Work order
Repeat exactly, and only, the lines of the entries below from the one with "Cheerful woman in" through the one with "The skier leans", both ends included.

Task input
- Opening Delimiter -

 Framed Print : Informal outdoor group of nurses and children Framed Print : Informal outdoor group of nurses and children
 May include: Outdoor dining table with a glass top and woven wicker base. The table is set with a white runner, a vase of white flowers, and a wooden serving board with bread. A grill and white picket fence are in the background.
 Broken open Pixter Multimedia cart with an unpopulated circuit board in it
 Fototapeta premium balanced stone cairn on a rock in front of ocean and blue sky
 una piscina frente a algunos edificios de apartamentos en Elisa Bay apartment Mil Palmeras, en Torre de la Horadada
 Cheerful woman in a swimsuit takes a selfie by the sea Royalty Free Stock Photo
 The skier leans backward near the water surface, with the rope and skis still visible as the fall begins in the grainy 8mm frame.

- Closing Delimiter -
- Opening Delimiter -

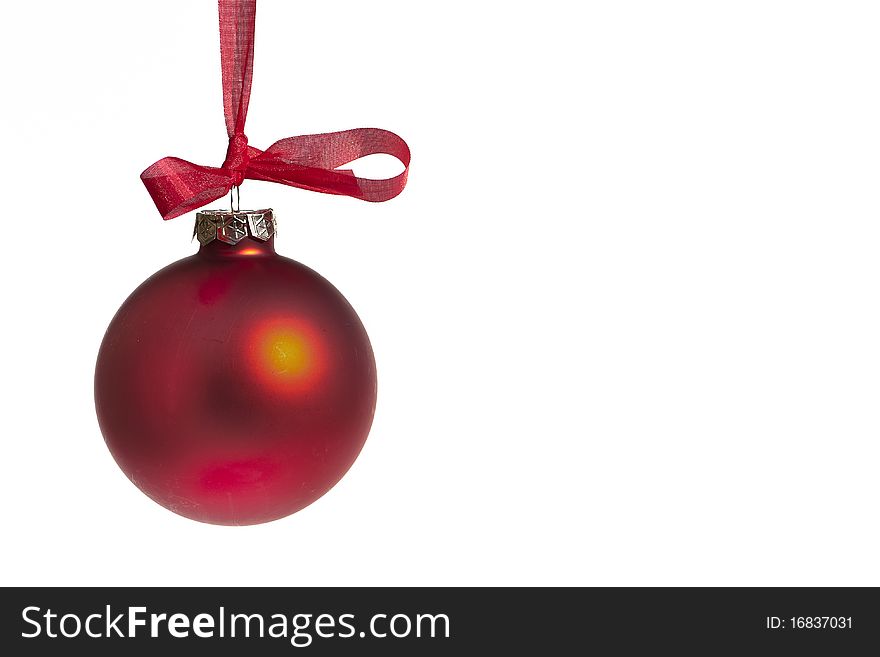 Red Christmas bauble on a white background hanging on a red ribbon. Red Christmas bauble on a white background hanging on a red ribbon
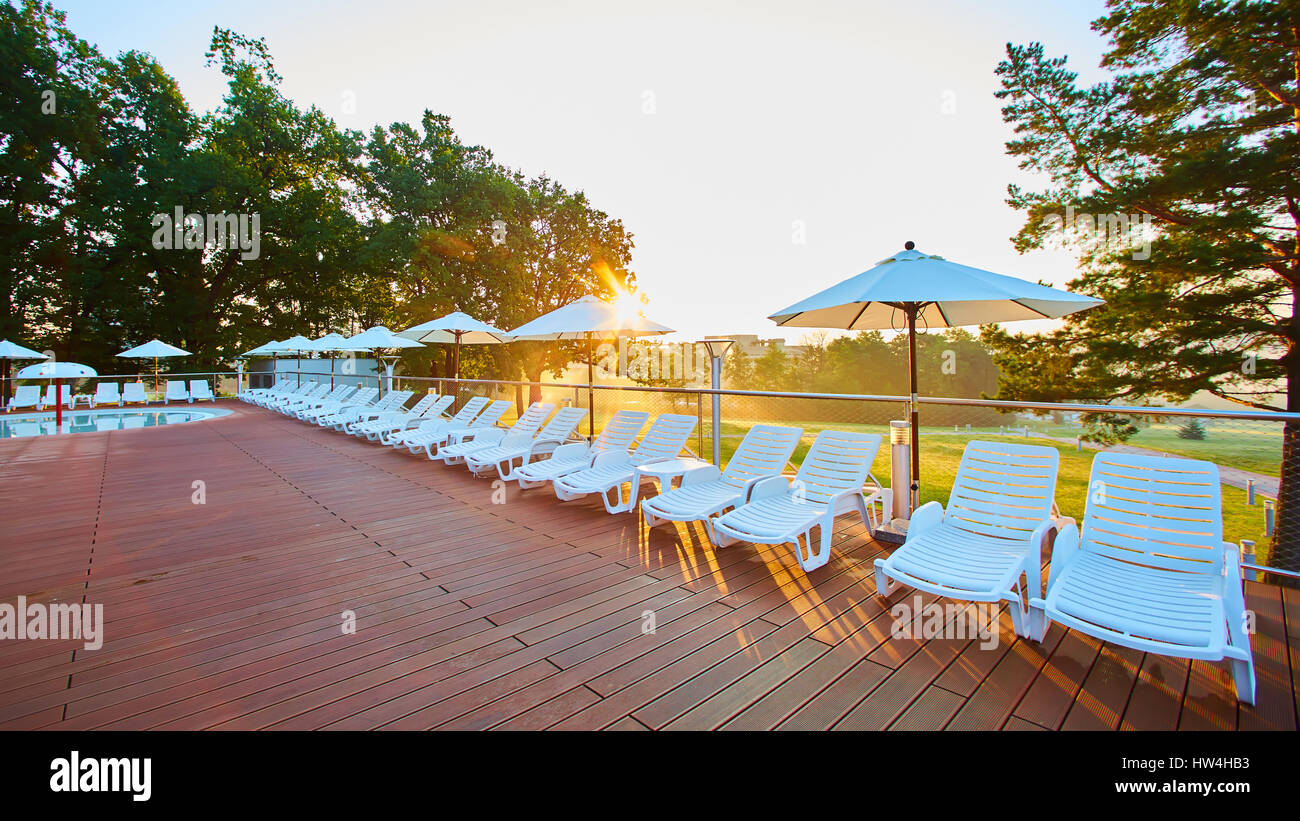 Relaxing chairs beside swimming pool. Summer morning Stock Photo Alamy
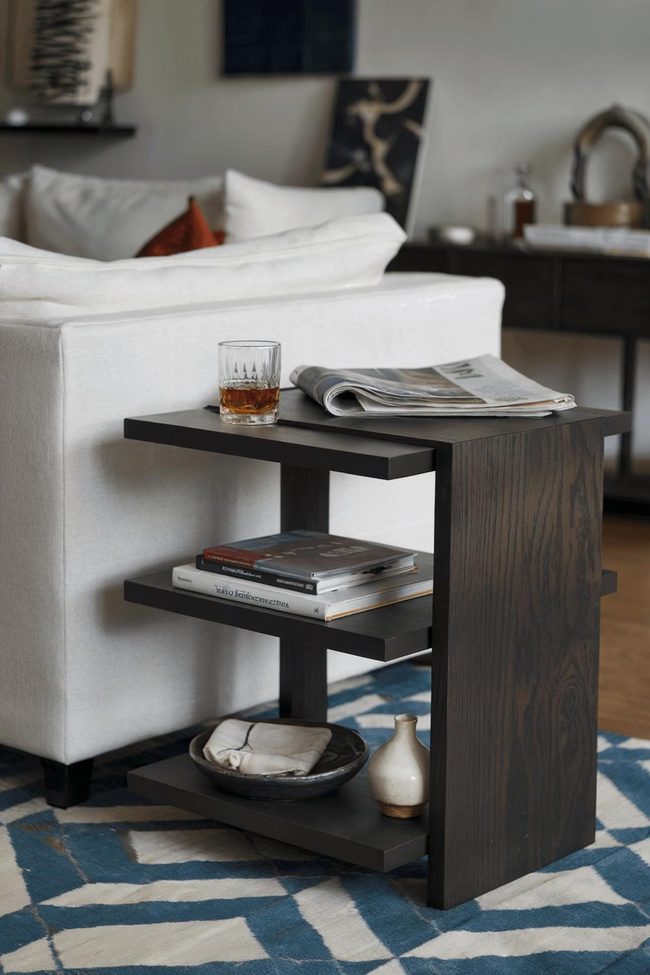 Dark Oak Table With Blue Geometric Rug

- Closing Delimiter -

Answer below
 Cheerful woman in a swimsuit takes a selfie by the sea Royalty Free Stock Photo
 The skier leans backward near the water surface, with the rope and skis still visible as the fall begins in the grainy 8mm frame.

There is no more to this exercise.